Keepseagle v. Vilsack

102 F. Supp. 3d 205, 2015 U.S. Dist. LEXIS 53365, 2015 WL 1851093
CourtDistrict Court, District of Columbia
DecidedApril 23, 2015
DocketCivil Action No. 99-3119 (EGS)
StatusPublished
Cited by14 cases

This text of 102 F. Supp. 3d 205 (Keepseagle v. Vilsack) is published on Counsel Stack Legal Research, covering District Court, District of Columbia primary law. Counsel Stack provides free access to over 12 million legal documents including statutes, case law, regulations, and constitutions.

Bluebook
Keepseagle v. Vilsack, 102 F. Supp. 3d 205, 2015 U.S. Dist.
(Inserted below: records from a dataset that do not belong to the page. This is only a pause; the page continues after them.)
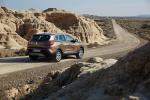 Renault Kadjar X-Mod 2015 года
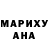 APVP СК КРИС Magaly Diaz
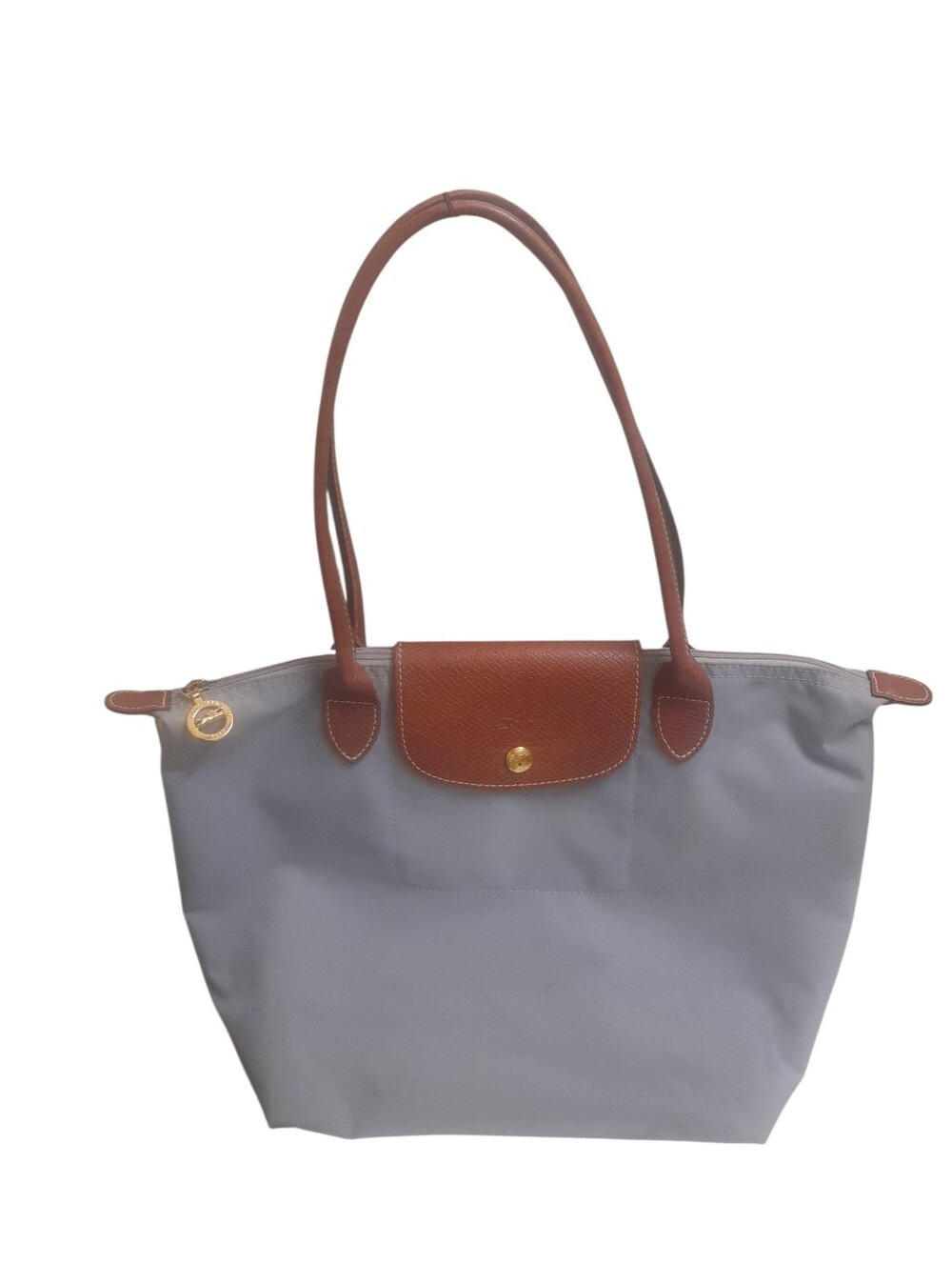 Longchamp Le Pliage Nylon Shoulder Tote Bag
LEXIS 53365, 2015 WL 1851093 (D.D.C. 2015).

Opinion

MEMORANDUM OPINION

Emmet G. Sullivan, United States District Judge

“On October 19, 2010, after nearly eleven years of litigation, Plaintiffs Marilyn Keepseagle, Luther Crasco, Gene Cadotte, Porter Holder, Keith Mandan, and Claryca Mandan, individually and on behalf of all others similarly situated ... and Defendant Tom Vilsack, the Secretary of the U.S. Department of Agriculture ... entered into a Settlement Agreement ... to resolve Keepseagle v. Vilsack ... a nationwide class action lawsuit that allege[d] systemic racial discrimination in the USDA’s Farm Loan Program during the period from 1981 through 1999.” Mem. in Supp. of Mot. for Prelim. Approval, ECF No. 571-1 at 1; see Settlement Agreement (“Agreement”), ECF No. 621-2.1 The Agreement created a $680,000,000 fund, most of which was dedicated to providing compensation to class members who were able to prove their claims in a non-Judicial Claims Process. See Agreement ¶ VILF (p. 13). The Agreement limited the length of the claims process: Class members had 180 days from the effective date of the Agreement to submit their claims. See id: ¶ II.B (p. 1), IX.A.1 (pp. 15-16).

In crafting the Agreement, the parties agreed to terms that would govern the distribution of the fund in the event that money was left over after the non-Judicial Claims Process was completed. If that occurred, the Agreement required that “the Claims Administrator shall direct any leftover funds to the Cy Pres Fund.” Agreement If IX.F.9 (p. 33) (emphasis added). The Agreement also contained provisions detailing precisely how the Cy Pres Fund must be distributed “for the benefit of Native American farmers and ranchers.” Id. ¶¶ II.I (pp. 2-3), IX.F.9 (p. 33-34). This Court approved the Agreement after providing notice to the class, receiving written comments, and holding a fairness hearing. The objections the Court received to the Agreement were unrelated to the cy pres issues now before the Court. See Mot. for Final Approval, ECF No. 589 at 62-63; Kent Objection, ECF No. 585-2 at 7-8; Givens Objection, ECF No. 585-4 at 19-20; Transcript of April 28, 2011 Fairness Hearing, ECF No. 609. No appeal was filed from the Court’s approval of the Agreement.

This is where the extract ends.